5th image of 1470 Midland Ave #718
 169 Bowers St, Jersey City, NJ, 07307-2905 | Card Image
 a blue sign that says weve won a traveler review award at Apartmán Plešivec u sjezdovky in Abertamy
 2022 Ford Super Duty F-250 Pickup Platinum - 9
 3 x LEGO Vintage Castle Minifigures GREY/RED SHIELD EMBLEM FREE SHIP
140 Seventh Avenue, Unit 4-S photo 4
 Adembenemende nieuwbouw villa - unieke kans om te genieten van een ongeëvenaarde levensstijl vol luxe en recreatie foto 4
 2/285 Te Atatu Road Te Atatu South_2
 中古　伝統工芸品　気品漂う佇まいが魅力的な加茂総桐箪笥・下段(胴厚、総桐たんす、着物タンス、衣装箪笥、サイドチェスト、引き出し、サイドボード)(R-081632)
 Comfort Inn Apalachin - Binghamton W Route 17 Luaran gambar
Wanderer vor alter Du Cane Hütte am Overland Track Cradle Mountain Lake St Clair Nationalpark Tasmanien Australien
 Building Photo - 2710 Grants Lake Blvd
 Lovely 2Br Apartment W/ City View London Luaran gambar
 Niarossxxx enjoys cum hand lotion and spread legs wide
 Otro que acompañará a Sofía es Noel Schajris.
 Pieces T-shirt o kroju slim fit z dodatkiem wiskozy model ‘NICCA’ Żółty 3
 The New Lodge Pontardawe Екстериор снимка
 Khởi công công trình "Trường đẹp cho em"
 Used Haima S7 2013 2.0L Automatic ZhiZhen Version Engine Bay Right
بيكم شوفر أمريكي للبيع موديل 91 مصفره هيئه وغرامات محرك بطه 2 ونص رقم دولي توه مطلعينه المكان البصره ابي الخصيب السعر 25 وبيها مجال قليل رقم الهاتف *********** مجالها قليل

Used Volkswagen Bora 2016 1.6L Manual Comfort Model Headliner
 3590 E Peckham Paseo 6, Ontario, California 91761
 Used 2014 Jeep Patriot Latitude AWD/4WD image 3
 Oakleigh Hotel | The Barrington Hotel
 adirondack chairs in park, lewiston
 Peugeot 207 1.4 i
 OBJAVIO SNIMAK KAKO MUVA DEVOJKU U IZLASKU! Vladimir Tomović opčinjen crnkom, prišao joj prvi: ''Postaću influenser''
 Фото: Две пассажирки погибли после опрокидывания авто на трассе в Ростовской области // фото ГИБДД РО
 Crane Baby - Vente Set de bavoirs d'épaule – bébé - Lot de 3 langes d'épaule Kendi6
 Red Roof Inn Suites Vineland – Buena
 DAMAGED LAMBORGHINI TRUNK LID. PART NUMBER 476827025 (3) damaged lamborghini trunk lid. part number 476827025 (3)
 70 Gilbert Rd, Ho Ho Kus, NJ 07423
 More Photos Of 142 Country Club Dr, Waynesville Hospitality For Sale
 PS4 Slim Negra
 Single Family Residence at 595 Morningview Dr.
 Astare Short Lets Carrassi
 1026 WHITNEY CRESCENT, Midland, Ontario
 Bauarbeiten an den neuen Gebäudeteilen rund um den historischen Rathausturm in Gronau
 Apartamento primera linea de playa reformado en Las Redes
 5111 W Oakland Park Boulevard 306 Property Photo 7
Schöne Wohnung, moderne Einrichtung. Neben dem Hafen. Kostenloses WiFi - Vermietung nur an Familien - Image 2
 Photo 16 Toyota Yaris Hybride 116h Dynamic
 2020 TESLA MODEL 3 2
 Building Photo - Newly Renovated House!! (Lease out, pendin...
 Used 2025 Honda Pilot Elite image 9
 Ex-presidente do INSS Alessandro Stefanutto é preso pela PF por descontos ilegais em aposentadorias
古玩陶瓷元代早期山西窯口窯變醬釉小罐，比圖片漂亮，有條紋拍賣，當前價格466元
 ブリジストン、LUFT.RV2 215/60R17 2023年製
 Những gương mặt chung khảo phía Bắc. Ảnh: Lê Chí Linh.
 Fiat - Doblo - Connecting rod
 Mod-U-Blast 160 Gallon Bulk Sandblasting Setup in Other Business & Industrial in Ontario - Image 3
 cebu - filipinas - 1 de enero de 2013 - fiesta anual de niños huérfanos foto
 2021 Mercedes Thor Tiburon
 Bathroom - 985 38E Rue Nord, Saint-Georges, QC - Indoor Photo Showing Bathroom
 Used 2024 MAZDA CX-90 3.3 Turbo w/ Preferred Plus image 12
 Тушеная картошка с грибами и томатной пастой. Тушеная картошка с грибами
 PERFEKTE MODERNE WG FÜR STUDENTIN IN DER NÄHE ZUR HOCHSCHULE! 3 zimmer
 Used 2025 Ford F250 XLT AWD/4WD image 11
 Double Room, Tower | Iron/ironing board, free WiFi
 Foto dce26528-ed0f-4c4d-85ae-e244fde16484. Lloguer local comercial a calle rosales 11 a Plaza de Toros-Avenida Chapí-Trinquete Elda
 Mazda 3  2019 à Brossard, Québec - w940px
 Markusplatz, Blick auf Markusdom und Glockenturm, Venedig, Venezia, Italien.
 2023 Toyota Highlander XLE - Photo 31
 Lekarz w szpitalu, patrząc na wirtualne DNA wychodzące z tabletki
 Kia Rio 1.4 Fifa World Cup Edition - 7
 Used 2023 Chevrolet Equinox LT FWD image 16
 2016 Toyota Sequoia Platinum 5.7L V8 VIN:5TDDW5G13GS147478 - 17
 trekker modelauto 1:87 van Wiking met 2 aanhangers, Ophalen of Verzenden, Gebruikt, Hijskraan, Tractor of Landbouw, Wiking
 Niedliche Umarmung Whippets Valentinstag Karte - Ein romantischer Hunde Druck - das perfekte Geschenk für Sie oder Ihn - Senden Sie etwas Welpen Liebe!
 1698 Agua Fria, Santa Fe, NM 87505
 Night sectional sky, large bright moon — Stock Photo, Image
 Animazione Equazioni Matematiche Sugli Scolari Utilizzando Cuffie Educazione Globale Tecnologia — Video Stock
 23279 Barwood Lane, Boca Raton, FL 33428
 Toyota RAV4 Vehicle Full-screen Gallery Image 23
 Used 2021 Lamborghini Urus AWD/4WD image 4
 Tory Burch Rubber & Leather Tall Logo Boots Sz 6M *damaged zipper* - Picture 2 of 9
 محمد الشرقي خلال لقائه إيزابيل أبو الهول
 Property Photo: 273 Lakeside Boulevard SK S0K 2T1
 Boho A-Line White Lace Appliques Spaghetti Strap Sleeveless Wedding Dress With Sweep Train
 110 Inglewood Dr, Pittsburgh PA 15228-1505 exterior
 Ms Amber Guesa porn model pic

- - - - -

In the entries above, the lines from the one bearing "70 Gilbert Rd, Ho Ho Kus, NJ 07423" up to and including the one bearing "古玩陶瓷元代早期山西窯口窯變" should be transcribed exactly; no other line is wanted.

» Result
 70 Gilbert Rd, Ho Ho Kus, NJ 07423
 More Photos Of 142 Country Club Dr, Waynesville Hospitality For Sale
 PS4 Slim Negra
 Single Family Residence at 595 Morningview Dr.
 Astare Short Lets Carrassi
 1026 WHITNEY CRESCENT, Midland, Ontario
 Bauarbeiten an den neuen Gebäudeteilen rund um den historischen Rathausturm in Gronau
 Apartamento primera linea de playa reformado en Las Redes
 5111 W Oakland Park Boulevard 306 Property Photo 7
Schöne Wohnung, moderne Einrichtung. Neben dem Hafen. Kostenloses WiFi - Vermietung nur an Familien - Image 2
 Photo 16 Toyota Yaris Hybride 116h Dynamic
 2020 TESLA MODEL 3 2
 Building Photo - Newly Renovated House!! (Lease out, pendin...
 Used 2025 Honda Pilot Elite image 9
 Ex-presidente do INSS Alessandro Stefanutto é preso pela PF por descontos ilegais em aposentadorias
古玩陶瓷元代早期山西窯口窯變醬釉小罐，比圖片漂亮，有條紋拍賣，當前價格466元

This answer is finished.